Trois questions au réalisateur Amos Gitaï

Trois questions au réalisateur Amos Gitaï

01 octobre 2018
Amos Gitaï sur le tournage de Carmel
Amos Gitaï sur le tournage de Carmel Agav Films

Premier cinéaste à être désigné titulaire de la Chaire de Création artistique au Collège de France, le réalisateur israélien Amos Gitaï consacrera neuf conférences autour du thème « Traverser les frontières », d’octobre à décembre 2018, puis tiendra deux colloques en juin 2019. Avant cela, il prononcera sa leçon inaugurale intitulée « La caméra est une sorte de fétiche – Filmer au Moyen-Orient », le 16 octobre 2018.


Vous êtes un cinéaste engagé. Allez-vous être un professeur engagé ?

Je ne sais pas. On va voir. Le mot « engagé » est un peu simple. Il y a des choses qui m’intéressent et qui méritent d’être défendues. Je suis très honoré de faire partie du Collège de France. Je vais essayer dans les conférences d’évoquer les questions qui touchent le travail du cinéaste en général et le mien en particulier. Je suis nourri à la fois par l’histoire d’Israël et l’histoire juive. Je suis inspiré par cette référence mais c’est vrai que la France a rendu ce travail possible. En Israël, on travaille parfois dans un climat qui n’est pas toujours favorable pour poser les questions. Même si je ne suis pas religieux, mon héritage juif me pousse à poser des questions et à mettre en doute des idées préconçues. Je ne suis pas favorable au cinéma qui instrumentalise les idées. Il faut poser des questions et encourager le public à composer une opinion et ne pas être strictement consommateur. Notre rôle en tant qu’artistes, cinéastes ou écrivains est de poser des questions. Cela stimule la réflexion contre l’hégémonie.
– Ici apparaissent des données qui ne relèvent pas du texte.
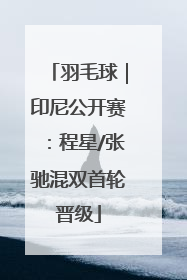 羽毛球｜印尼公开赛：程星/张驰混双首轮晋级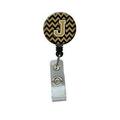 Carolines Treasures Letter J Chevron Black & Gold Retractable Badge Reel - Black & Gold - 5in. H x 1in. W x 2in. L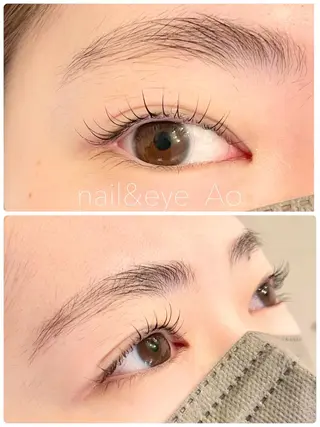 ミディアム カラー パーマ ヘアアレンジ メンズ キッズ ネイル マツエク・マツパ アイブロウ nail&eye Aoのマツエク・マツパデザイン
Comment avez-vous choisi les thèmes que vous allez traiter ?

Je sais qu’au Collège de France, on traite de sciences pures et qu’on ne peut pas poser de questions politiques mais mon travail fait aussi référence à ce contexte. J’étais étudiant en architecture quand la guerre du Kippour a commencé, c’est un point de départ. Tout comme la censure appliquée à mon documentaire, House, m’a inspiré pour continuer mon travail. Mais il y a aussi beaucoup d’autres éléments esthétiques et formels que je vais évoquer dans les neuf conférences. J’espère que mes films posent des questions thématiques, politiques et formelles. Certains sont prémédités, écrits, réfléchis. D’autres sont une réaction à un contexte.

Allez-vous surtout parler de vos œuvres ou aborder aussi celles d’autres cinéastes ?
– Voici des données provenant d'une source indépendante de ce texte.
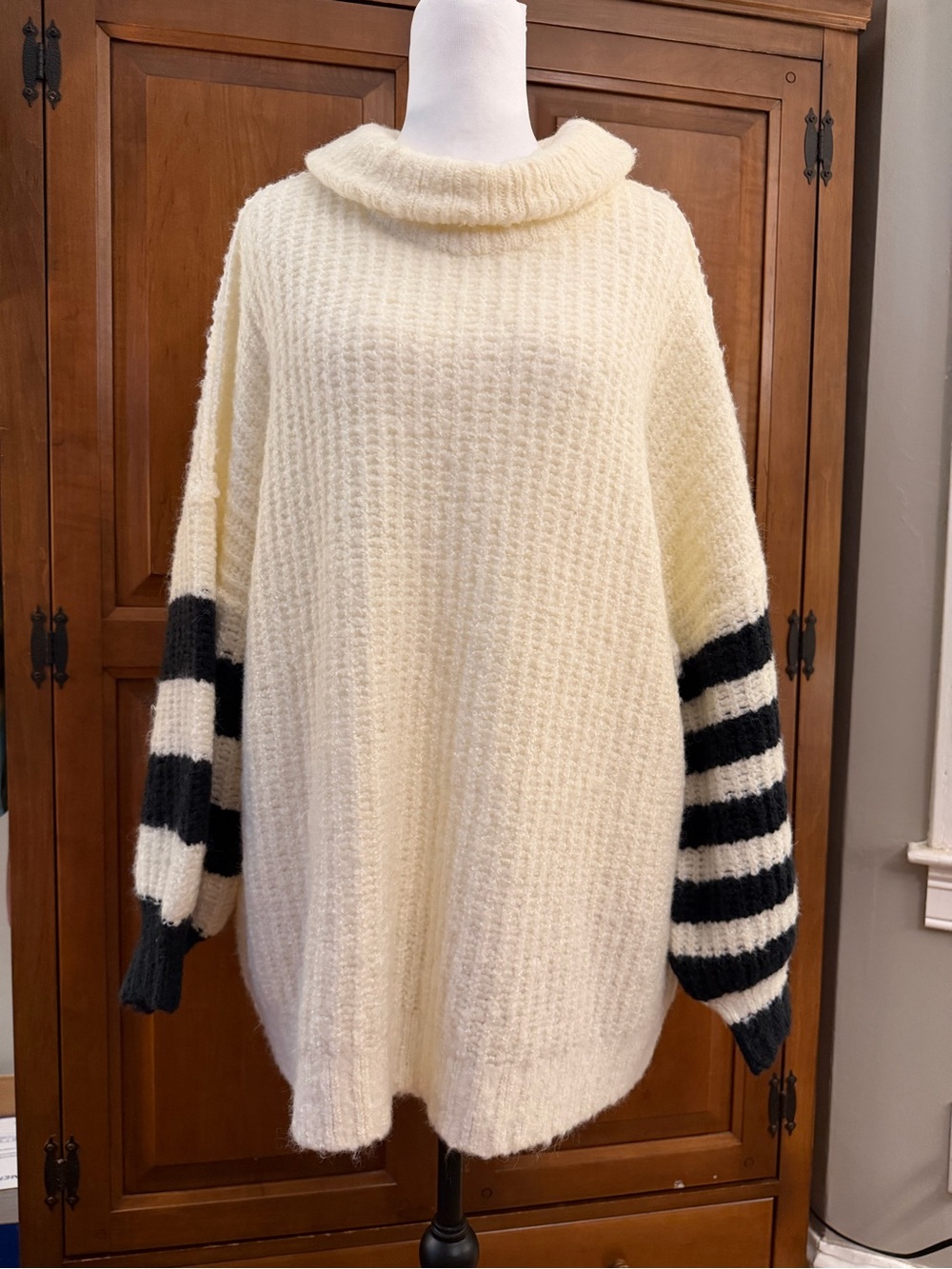 Urban Outfitters Cream Oversized Turtleneck Sweater with Black Striped Sleeves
Je parlerai plus du travail des autres dans les colloques de juin 2019. Le premier sera dédié au travail de mes parents car je m’intéresse aussi beaucoup au contexte familial. Gallimard a publié des lettres de ma mère lues par Jeanne Moreau et on écoutera quelques-unes de ces lectures. Et comme l’année prochaine c’est le centenaire de la fondation du Bauhaus, je parlerai aussi de cette école d'art allemande et de l’architecture. Le deuxième colloque sera consacré à d’autres cinéastes que je vais évoquer et mettre en opposition. Je veux créer du contraste, comme avec Leni Riefenstahl. Il y a une pensée révisionniste prétendant qu’elle était un très bon cinéaste, alors qu’elle était une machine de propagande.